Managing a consulting project is first and foremost managing a project. The same principles apply. To maximize the chances of success of your project, you will need to manage these three elements:

  • Stakeholders – This is project management 101. Align the stakeholders to make sure they will support the project and collaborate with the project team and the consultants.
  • Project – You need to put in place the best practices for project management: define the work plan, clarify the roles and responsibilities, and put in place a clear governance.
  • Change – Always obvious, but more often overlooked, change management is a key success factor for consulting projects. Anticipate the resistance to change in the teams impacted by the project and define strategies to address each situation.

2. Monitor the performance

Don’t wait until the end of the project to evaluate the performance and share your results with the consultants. The reasons for low performance can be multiple and simultaneous. It could come from the Consulting Firm (capabilities, skills, experience, staffing, etc.) or your teams (low priority, staffing, etc).

In any case, it is best to sit down with the Consulting Firm to discuss and understand the issue and find solutions together.

3. Manage the Consulting contract

When you are working with external consultants, you also have to manage the relationship. First, you will have to track the changes in the project that can touch scope, staffing, timeline or unforeseen events. When these changes are substantial, you should consider amending the contract. In any case, keep a trace of the changes in the minutes of the Steering Committees.

For very large projects, you should consider organizing a formal mid-project review. You can cover both the changes to the statement of work and the quality of the outcome. It should not prevent you from checking-in regularly with the Consulting Firm to anticipate potential slips in the project scope and timeline, and allow your provider to fix the problem.

Consider the consulting firm as your partner with a common objective: the success of your project. Be unbending on the quality of the outcomes. Give them feedback on their performance and visibility on payments.

4. Wrapping up – Anticipate and prepare for when the Consultant departs

Maybe you have prepared the transition from the start (in other words, in your RFP), and included the transition plan and regular check-ins in the deliverables. If that’s not the case, make sure to prepare for when the consultant leaves.

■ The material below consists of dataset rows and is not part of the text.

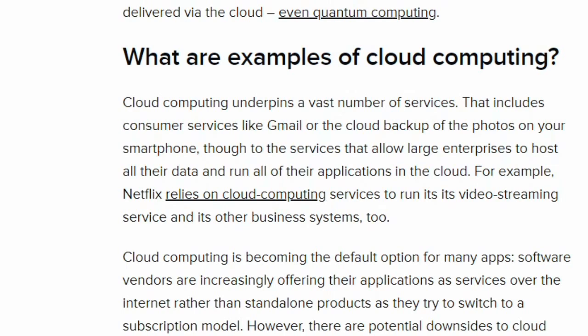Cloud computing is a network of servers connected using the internet. Its main function is to share information, resources, and software. The internet acts as an invisible cable that connects everything, including all physical and virtual servers all over the globe.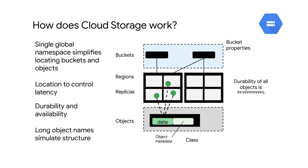When an object is stored, Cloud Storage replicates that object. It'll then monitor the replicas and if one of them is lost or corrupted, it'll replace it automatically with a fresh copy. This is how Cloud Storage gets many of the nines of durability.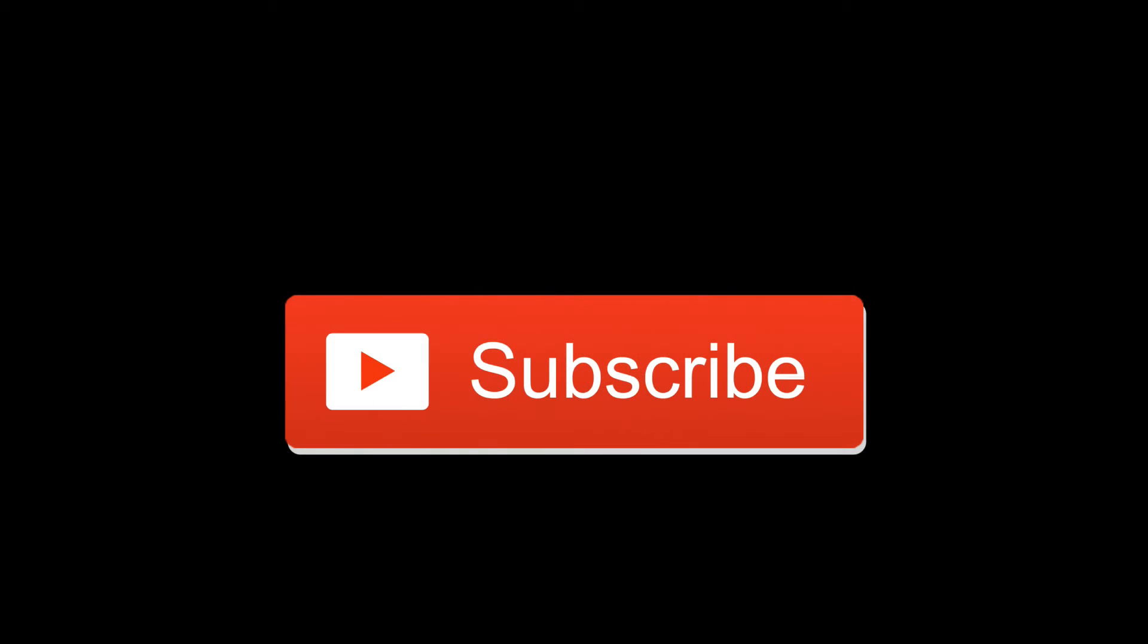That's the end of this video, and if you liked the video, please like or subscribe, and see you in the next one.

Once you have decided what recommendations you will act on, you have to organize for how you will act. You should also consider the transfer of knowledge in particular if the project implemented a new organization or technology. And you should define this plan with the consultant at hand.

Prepare the performance assessment for the Consulting Firm by gathering the information collected along with the project.

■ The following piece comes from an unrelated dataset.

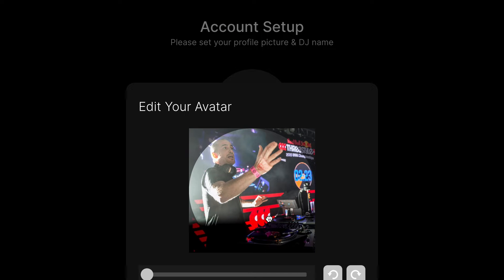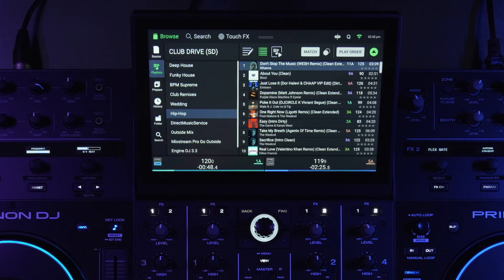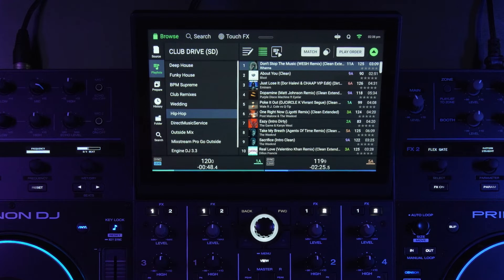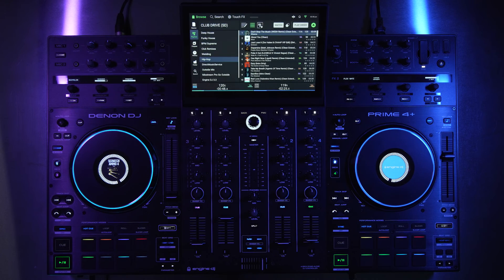But really where this would be a great use case is a DJ that has multiple devices, or DJs that are potentially multiple DJs DJing on the same device. They can log in and out of their profiles, access their streaming platforms.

5. Don’t hesitate to end the contract earlier

Sometimes Consulting Projects have to be closed earlier than expected. Many changes can happen between the moment you decide to work with consultants and the end of the consulting projects.

The context can change or the management team. If that’s the case, continuing the project as it is might just be a loss of energy and money. Always find ways to adapt the scope to your needs. And terminate the contract if you must, and if the consequences will be acceptable.

6. Close the project neatly

Whatever the reason for terminating the project early, don’t rush into it. Take the time to analyze the impact of the termination and the probability of success of another consulting project. Prepare also what to communicate with your teams involved in the project.

At that point, you should have paid the consulting provider based on the delivery, and accrued the budget until the end of the project.

Keep the last invoices on your desk until you are sure that the project is delivered in full. That will give you enough leverage to get back to finish the project.

When you think the project is closed, and the invoices are approved for payment, you can take the time to debrief the consultants on their performance on the project.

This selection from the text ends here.